*What the task asks*: Take the line that contains "Simpson Strong-Tie QDPROSDX150G2" and each line after it in the material below, and transcribe them exactly, stopping at the end.

Data Start Marker

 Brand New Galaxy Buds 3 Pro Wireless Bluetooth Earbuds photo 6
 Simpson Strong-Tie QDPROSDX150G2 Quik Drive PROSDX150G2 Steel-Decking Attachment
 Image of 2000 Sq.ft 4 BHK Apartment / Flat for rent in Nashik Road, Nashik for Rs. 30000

Data End Marker

*Expected output*:
 Simpson Strong-Tie QDPROSDX150G2 Quik Drive PROSDX150G2 Steel-Decking Attachment
 Image of 2000 Sq.ft 4 BHK Apartment / Flat for rent in Nashik Road, Nashik for Rs. 30000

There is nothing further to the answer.